One step in the spectral upsampling method described by Jakob and Hanika (2019) is computing an error function, which is used to find the model parameters. I wanted to provide derivatives of the error function with respect to its arguments to the optimization algorithm I used, in hopes for faster and more reliable convergence.

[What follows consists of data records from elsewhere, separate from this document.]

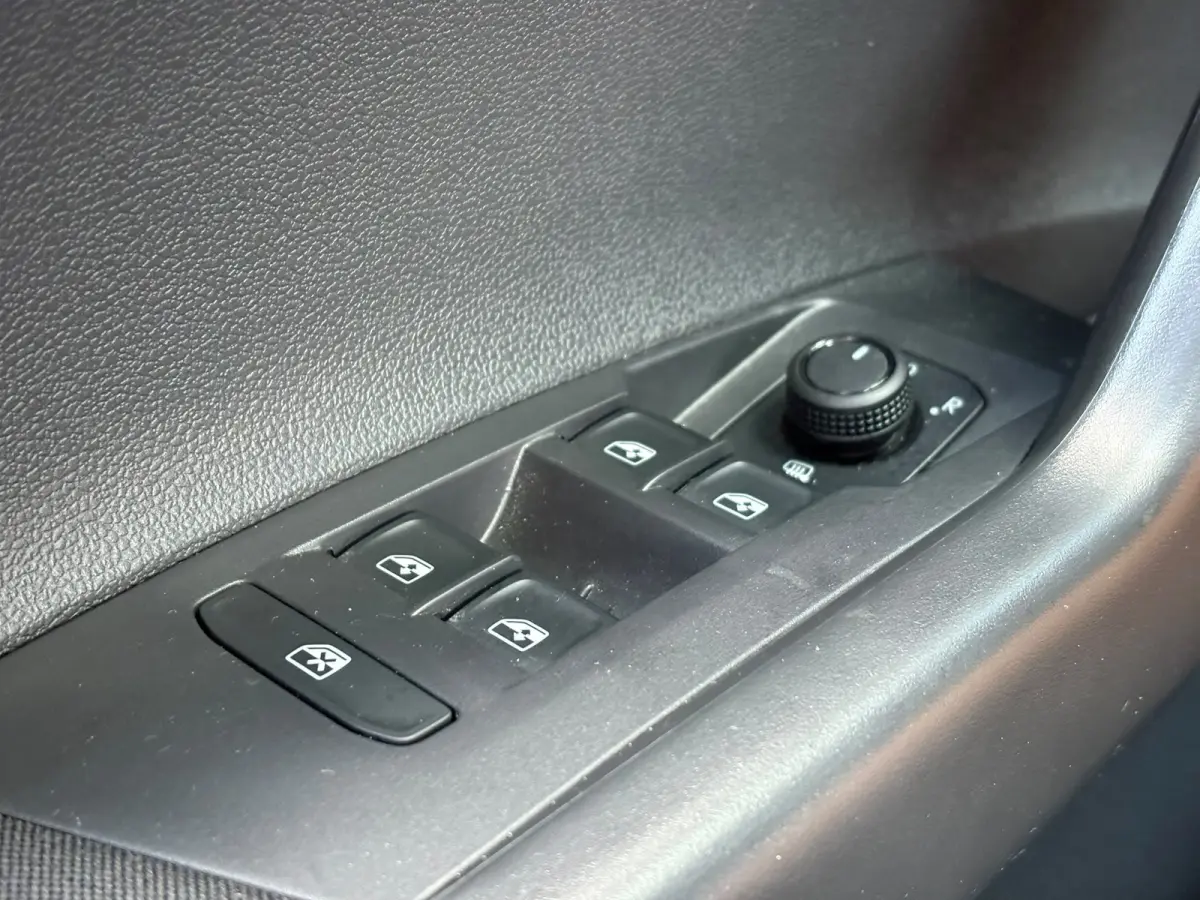 1.0 TSI 95 pk Life | Verlengde garantie | Apple Carplay | Cruise control adaptief | Getint glas | 15 inch | Airco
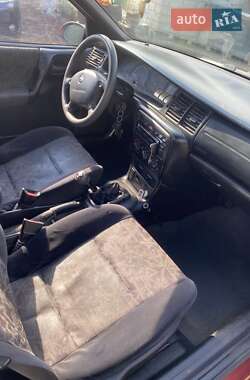 Седан Opel Vectra 1998 в 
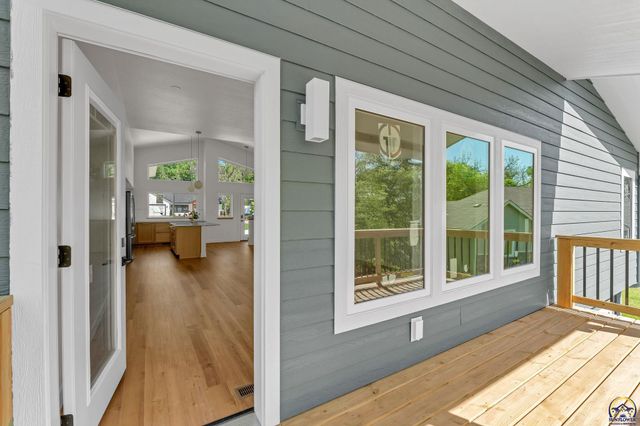 3339 NW Dawdy CT, Topeka, KS 66618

How does one differentiate Python code though? Every program, no matter how complicated, is a series of simple operations and the chain rule can be used. Computer algebra systems (the one I use is http://maxima.sourceforge.net/Maxima) can help with the process, making this a trivial task.

The error function

The algorithm is as follows:

  • Given a triplet of coefficients (model parameters), $c_0$, $c_1$, $c_2$, compute a reflectance according to the model.

$$U(\lambda) = c_0\lambda^2 + c_1\lambda + c_2$$

$$R(\lambda) = \frac{1}{2} + \frac{U}{2\sqrt{1 + U^2}}$$

  • Compute the radiosity of a surface with the reflectance, lit by the given illuminant. This is done by simply multiplying the reflectance by the illuminant's spectral distribution.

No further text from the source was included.